[Work to be completed]:
The records appear below. Report how many of their lines contain the word "different", giving the number alone.
*** Opening Extracted information ***
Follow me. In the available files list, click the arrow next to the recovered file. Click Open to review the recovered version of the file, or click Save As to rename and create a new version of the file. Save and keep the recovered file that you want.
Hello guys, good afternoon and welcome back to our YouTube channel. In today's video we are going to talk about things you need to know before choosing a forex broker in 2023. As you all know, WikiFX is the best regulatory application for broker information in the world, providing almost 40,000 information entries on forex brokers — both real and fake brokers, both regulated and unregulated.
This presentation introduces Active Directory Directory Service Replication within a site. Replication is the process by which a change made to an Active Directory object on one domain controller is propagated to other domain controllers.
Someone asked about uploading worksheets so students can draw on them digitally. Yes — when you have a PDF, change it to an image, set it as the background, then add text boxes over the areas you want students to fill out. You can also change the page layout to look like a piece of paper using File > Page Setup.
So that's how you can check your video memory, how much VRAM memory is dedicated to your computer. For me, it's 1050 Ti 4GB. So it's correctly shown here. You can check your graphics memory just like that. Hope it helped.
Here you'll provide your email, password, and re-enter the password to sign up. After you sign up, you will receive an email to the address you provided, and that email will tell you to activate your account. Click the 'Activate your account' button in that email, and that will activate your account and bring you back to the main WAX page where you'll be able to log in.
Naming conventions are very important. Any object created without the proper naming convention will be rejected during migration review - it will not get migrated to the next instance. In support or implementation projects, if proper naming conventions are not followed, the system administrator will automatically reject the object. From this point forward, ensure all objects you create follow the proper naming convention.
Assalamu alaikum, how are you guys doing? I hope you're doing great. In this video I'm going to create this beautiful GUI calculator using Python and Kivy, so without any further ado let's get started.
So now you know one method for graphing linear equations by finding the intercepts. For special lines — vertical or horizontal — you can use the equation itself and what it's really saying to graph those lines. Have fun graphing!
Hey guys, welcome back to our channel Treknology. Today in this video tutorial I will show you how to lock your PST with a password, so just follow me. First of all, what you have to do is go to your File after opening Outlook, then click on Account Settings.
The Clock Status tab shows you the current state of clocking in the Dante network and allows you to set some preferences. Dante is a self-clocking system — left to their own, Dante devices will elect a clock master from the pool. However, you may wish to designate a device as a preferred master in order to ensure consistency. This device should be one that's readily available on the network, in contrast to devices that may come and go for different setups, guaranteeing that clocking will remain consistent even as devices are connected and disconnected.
*** Closing Extracted information ***
*** Opening Extracted information ***
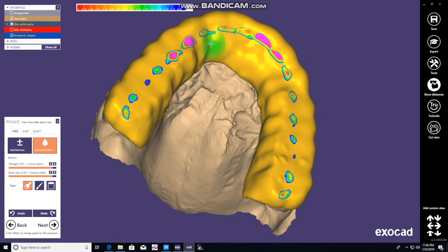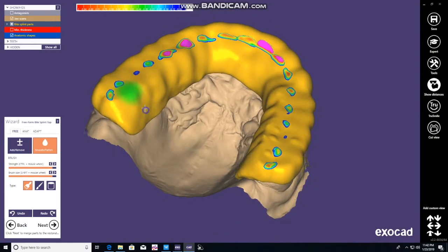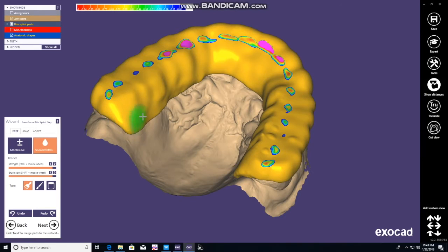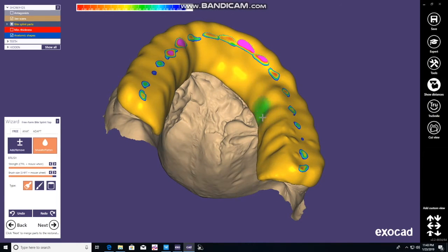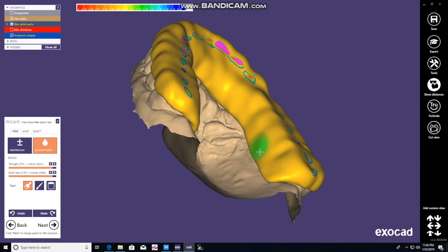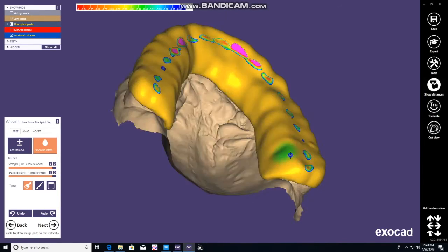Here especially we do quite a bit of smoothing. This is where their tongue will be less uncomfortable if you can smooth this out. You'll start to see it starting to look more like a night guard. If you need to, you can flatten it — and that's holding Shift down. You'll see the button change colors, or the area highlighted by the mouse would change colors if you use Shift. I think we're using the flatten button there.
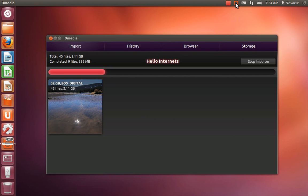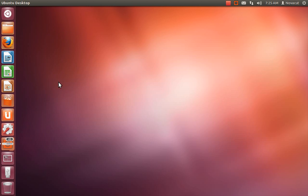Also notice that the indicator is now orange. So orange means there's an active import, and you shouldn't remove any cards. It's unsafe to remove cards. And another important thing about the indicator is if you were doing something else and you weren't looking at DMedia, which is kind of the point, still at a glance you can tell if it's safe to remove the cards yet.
*** Closing Extracted information ***
*** Opening Extracted information ***
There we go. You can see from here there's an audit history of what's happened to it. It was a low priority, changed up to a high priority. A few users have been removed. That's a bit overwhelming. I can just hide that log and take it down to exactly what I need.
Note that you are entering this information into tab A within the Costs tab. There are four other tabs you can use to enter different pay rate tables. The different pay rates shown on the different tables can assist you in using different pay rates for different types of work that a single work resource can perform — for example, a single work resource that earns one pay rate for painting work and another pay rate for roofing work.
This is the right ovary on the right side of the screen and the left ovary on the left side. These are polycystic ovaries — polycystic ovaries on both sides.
*** Closing Extracted information ***
[Reply to the exercise]:
2